Casts are unavoidable. We might want guchar*, but there are APIs that take char* (poppler_document_new_from_data).

> @@ +285,3 @@
> +
> +static void
> +free_uncompressed_data (gchar *data)
> 
> We don't need this, free_uncompressed_uri is needed because it also removes the
> temp file, but in this case we can just use g_free directly as GDestroyNotify
> function

Removed.

> @@ +395,3 @@
> +                return document;
> +                
> +                /* else fall through to slow mime code detection. */
> 
> This comment doesn't make sense when loading from data, I guess.

Removed.

> ::: libdocument/ev-document.c
> @@ +214,3 @@
> 
> +static void
> +ev_document_load_cache (EvDocument  *document,
> 
> I prefer something like ev_document_setup_cache or init_cache
> 
> @@ +217,3 @@
> +          const char  *uri,
> +          const char  *data,
> +          gsize        data_length)
> 
> data and data_length are not used at all in this function. I think we could
> remove both uri and data parameters, and set the uri only when loading from uri
> before calling this and setup the syntex parser only the case of uri too, after
> calling this method.
> 
> @@ +344,3 @@
>           * going to the backends since it requires locks
>           */
> +            ev_document_load_cache (document, uri, NULL, 0);
> 
> So, here this would be:
> 
> priv->uri = g_strdup (uri);
> ev_document_init_cache(document);
> if (_ev_document_support_synctex (document))
> .....

Done.

> @@ +380,1 @@
> +    retval = klass->load_data (document, data, length, &err);
> 
> klass->load_data can be NULL for backends not supporting it, so we should check
> it here and maybe even fill an error saying loading from data is not supported
> by that document.

Right. I added EV_DOCUMENT_ERROR_UNSUPPORTED to EvDocumentError for it. I will attach patches in next comments.

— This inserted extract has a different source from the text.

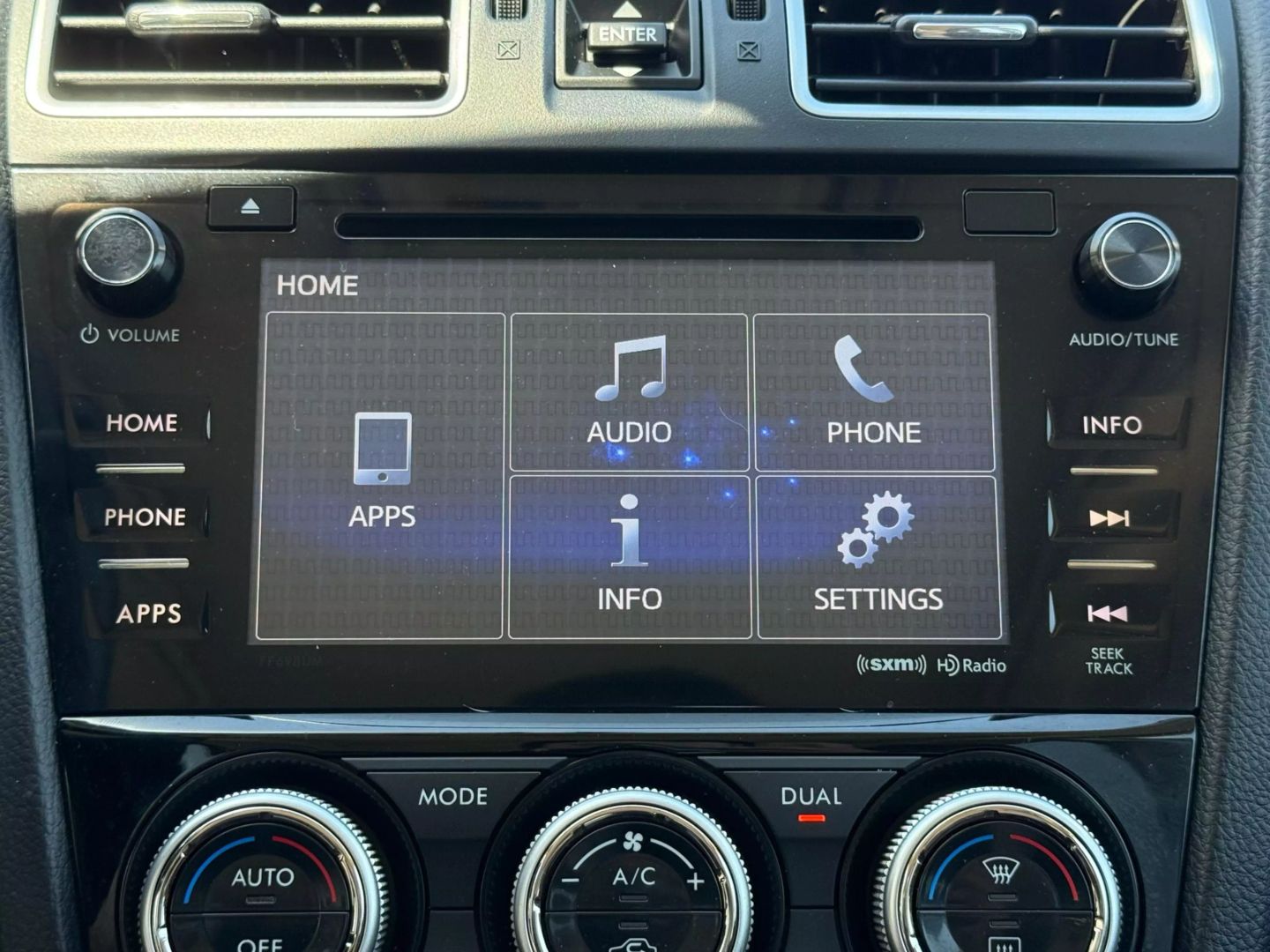 2017 Subaru Forester - Image 36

Comment 5 Krzesimir Nowak 2012-04-26 14:30:47 UTC

Created attachment 212892 [details] [review]
Add loading documents from memory, for now only pdf backend.

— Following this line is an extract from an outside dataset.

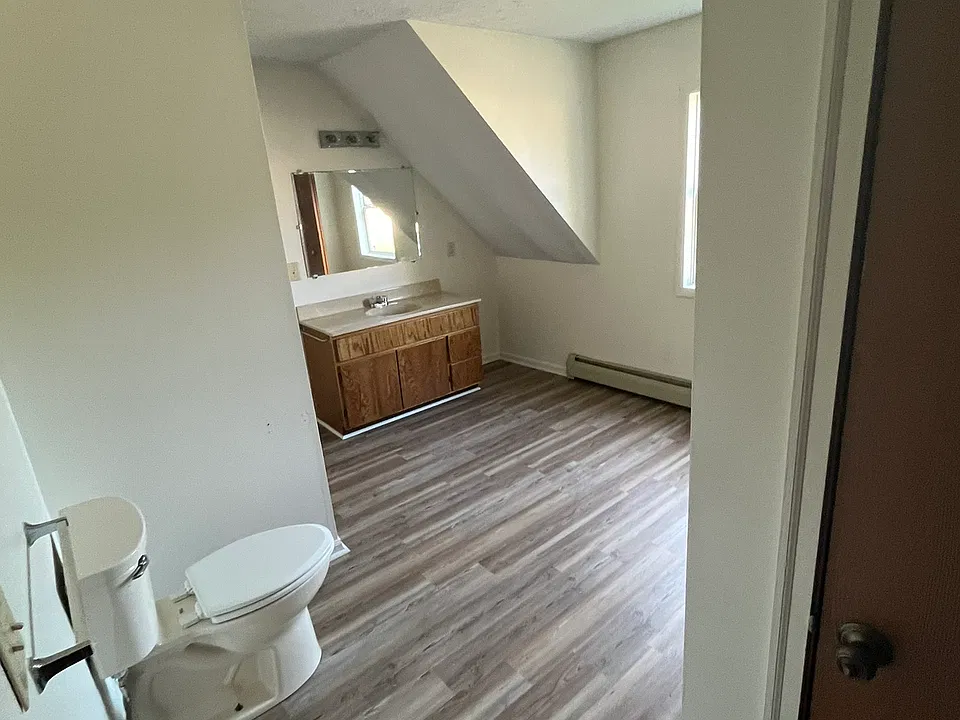 upper floor full bathroom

Comment 6 Krzesimir Nowak 2012-04-26 14:32:42 UTC

Created attachment 212893 [details] [review]
Rest of backends have no loading from memory for now.

I wonder if this is correct way of doing it. I guess that instead of setting it to NULL, we should set it to some short default function that just sets an error and returns FALSE. That way, we do not have to worry about this vfunc being NULL.

Comment 7 José Aliste 2012-04-26 14:37:28 UTC

It seems you forgot to attach the updated first patch?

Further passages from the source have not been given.